Herbaceous, smoky, animalic
Black and red musk, a smoldering cauldron, cracked bone, cardamom, warm wood, hanging animal skins, burning mugwort.
Mugwort, dried and ground in a mortar and pestle, burns over coals in a small hut on chicken legs in the middle of the woods where a fearsome old witch dwells. In this hut, there are hanging animal skins, and littered across the floor are bones belonging to both beast and man. It is here in this peculiar hut with this strange old woman that the tales offer a glimmer of hope—a last resort when society has shunned the hero or turned their backs on justice. Cardamon and the warm glow of an oven hint at the wisdom and help that can be found within, if you dare to look.
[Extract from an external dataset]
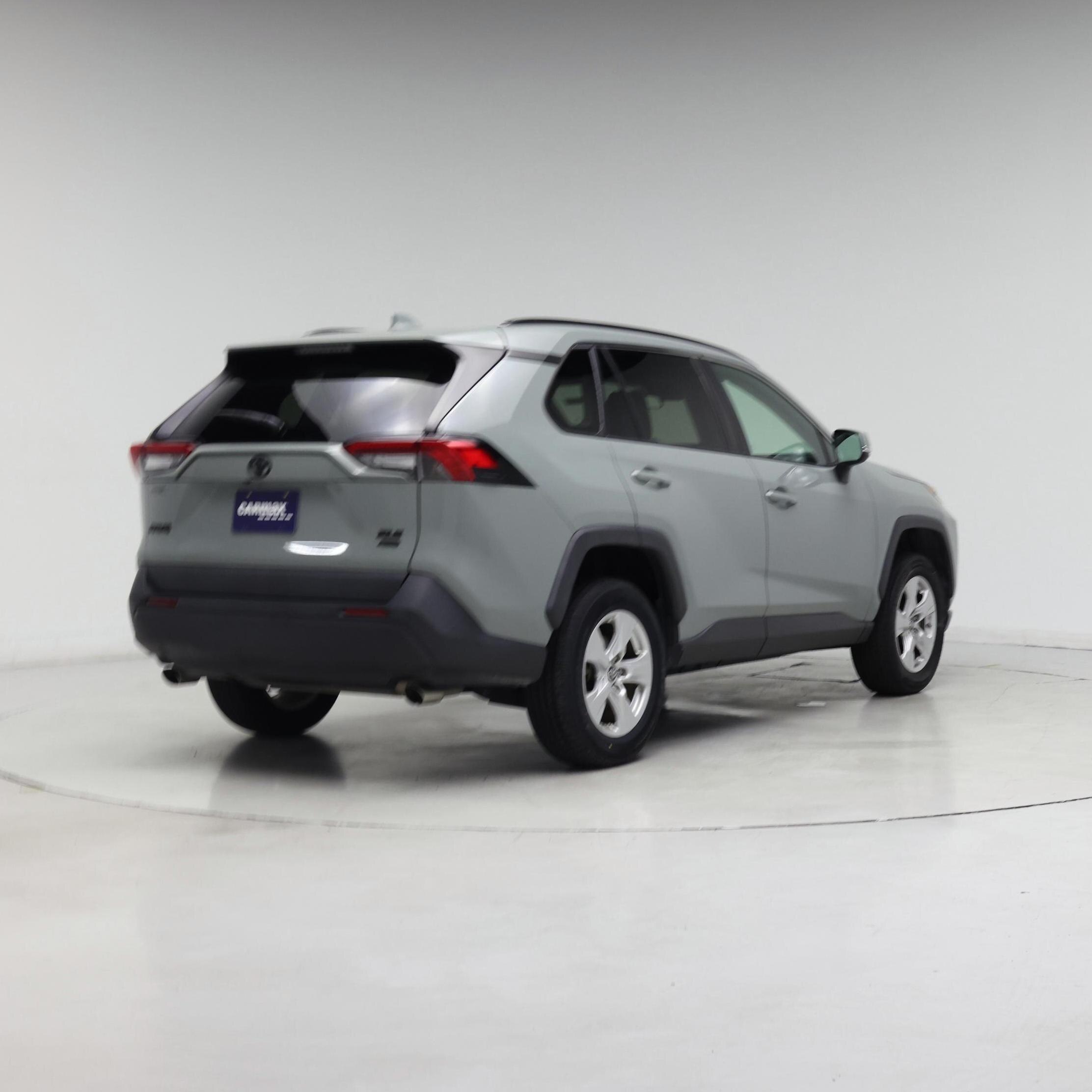 Thumbnail: 2019 Toyota RAV4 - 8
It is impossible to speak of Slavic folklore without it starting and ending with Baba Yaga, with her fabled iron teeth and penchant for eating those who wander into her woods. But there is something more nuanced about this ancient witch who lives on the fringes of society. She is the singular most powerful and magical figure in all the folktales, who bends nature and time to her own will.
The heroes in the tales—Vasilisa, Ivan, Masha, Finist the Falcon, and so many others— enter her hut bedraggled, without hope, and facing certain death. Her help isn't kind and it isn't easy, but Baba Yaga is always the catalyst for powerful magic.
Baba Yaga, at her best and worse, exemplifies the raw, wild power and wisdom of women and nature itself.